The newest generation of the Ninja 1000 is up on power, up on torque, up on features, and down on price. We’ve spent a few days with one and are proud to present RideApart’s review of the new 2014 Kawasaki Ninja 1000 ABS.
The 2014 Kawasaki Ninja 1000 has received a huge makeover, both inside and out. The styling is still very “Ninja,” while also looking slightly more subdued as it seems Kawasaki has reserved its crop of even more radical looks for the 2014 Kawasaki Z1000.
Power is up on the new Ninja. Horsepower increases from 136 to 140 bhp, and torque jumped from 76 ft.-lbs. to 82. Kawasaki has added traction control and made ABS standard, to help control a bike that’s become pretty impressive on the performance spectrum. There are also two fuel maps: full power and 70 percent, to help further customize your ride based on the conditions. Gearing has been reworked as well, especially 6th gear, which is longer, making highway cruising a far more relaxed affair.
In addition to ABS, Kawasaki has also upgraded the brake components; now utilizing a radial master cylinder, one-piece radial calipers and 300mm wavy rotors.
One of the biggest additions is the (optional) inclusion of two, 29-liter hard panniers. They’ve also fitted a knob at the rear to make preload adjustments possible on the fly, and have modified the grab handles to make them easier for your passenger to grip.
We’ve spent the week enjoying the last of the warm days here in sunny Southern California, where a roadster like the Ninja is at home. It’s immediately obvious why so many people choose the Ninja for is blend of sport and touring capabilities.
On the freeway, the Ninja is about as good as it gets. Sitting in 6th, the inline-four hums along quietly while still offering plenty of oomph to get up and go should you need to pass someone. Having recently come off much smaller bikes, I found myself cruising in 4th often, reveling in the whine of the engine and enjoying the additional torque provided by riding a little higher in the rev range.

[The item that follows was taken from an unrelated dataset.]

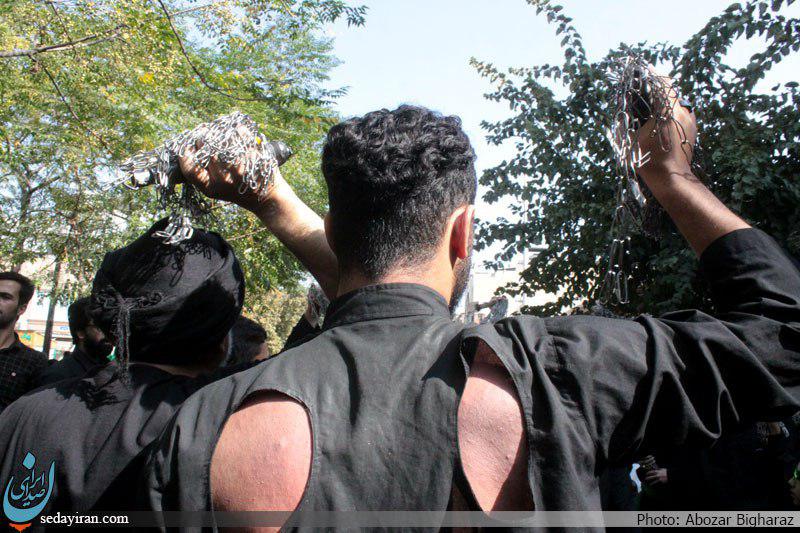 (تصاویر)-مراسم عزاداری درچهارراه گلوبندک تهران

Around town, you definitely feel the 509 lbs claimed curb weight more, though it isn’t unmanageable. Kawasaki warned us that the new Ninja 1000 was exceptionally sensitive to tire pressure and I found the handling a bit awkward until I checked and found my Ninja was about 5 psi short of recommended. With that fixed, slow speed handling was greatly improved though it never really let’s you forget you’re riding a fairly heavy, fairly powerful bike that mostly wants to go fast and in a fairly straight line.

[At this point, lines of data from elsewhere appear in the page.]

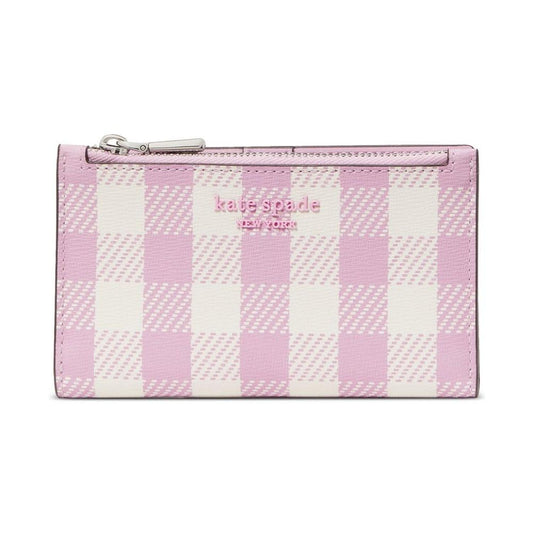 Morgan Gingham Field Printed Small Slim Bifold Wallet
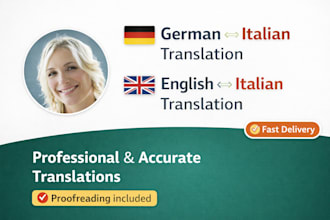 translate from english or german to native italian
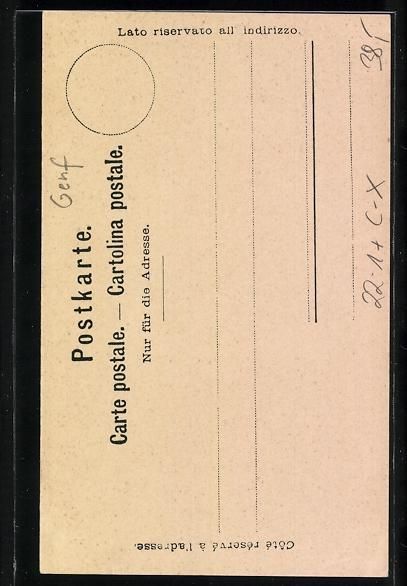 Cartoline postali: Geneve, La Synagogue, Ansicht der Synago – Usato da Berlin venduto da bartko-reher 1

The panniers are easy to operate and are actually unobtrusive. Due to some slimming of the sub-frame, Kawasaki has been able to pare them down a little, which makes a big difference, especially when lane-splitting around Los Angeles.

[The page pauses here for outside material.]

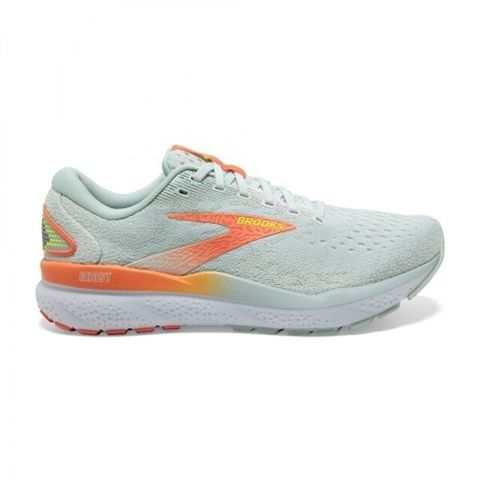 BROOKS Ghost 16 [1204071B411] 女 慢跑鞋 運動 路跑 避震緩衝象限 透氣 淺綠 橘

Taking a beloved bike and increasing the power, adding features, and reducing price is a well-proven formula for success and it’s hard to find much negative to say about the 2014 Kawasaki Ninja 1000 ABS. The engine is incredibly smooth and the power is abundant, regardless of RPM. The brakes work great, the bike is comfortable (though it would be more so with a better seat) and, assuming you’re into Kawasaki’s aesthetics, the bike is beautiful.
Wind coming over the half fairing doesn’t buffet your helmet, but does allow a fair amount of air to hit your chest. You may want a taller screen if you plan a ton of highway miles.
Kawasaki has created a package that is worth far more than its price tag and it’s no wonder the Ninja has become so popular. As a result, this new 2014 model can only enhance its legacy.
The problems we had with the Ninja were minor. The seat could be a little less sporty and a little more relaxed, as the current one tends to seat you directly where a pair of bicycle shorts would provide alleviation, instead of on the meat of your backside.
We were very happy when our steering issues seemed to correct themselves with the appropriate tire pressure, but it’s a bit unsettling to know that such a small amount of pressure difference could provide such drastic results. This is a major reason we always recommend carrying a nice air pressure gauge and checking your pressure often.
The 2014 Kawasaki Ninja 1000 ABS has a suggested price of $11,999, that’s $100 less than the previous model. May not sound like much, but this is an incredible deal considering you get multiple riding modes, multiple levels of traction control, and ABS all included stock. In comparison, the Honda CB1000R is $11,760 but only makes 125 hp and 73 lb.-ft. of torque and doesn’t come with many of the rider aids of the Kawasaki. The Yamaha FZ-1 is the other main competitor, which is nicely priced at $10,790, but isn’t nearly as good to ride.
We were very impressed with Kawasaki’s new Ninja 1000 ABS. We wish we had more time to take it on a proper tour, and we’re hoping Kawasaki can part with it a little longer to afford us time to do so. It’s a great all-rounder that will take you on any journey you can dream up and still keep you entertained in the canyons on a nice Sunday afternoon. For the price, it’s going to be really tough to beat.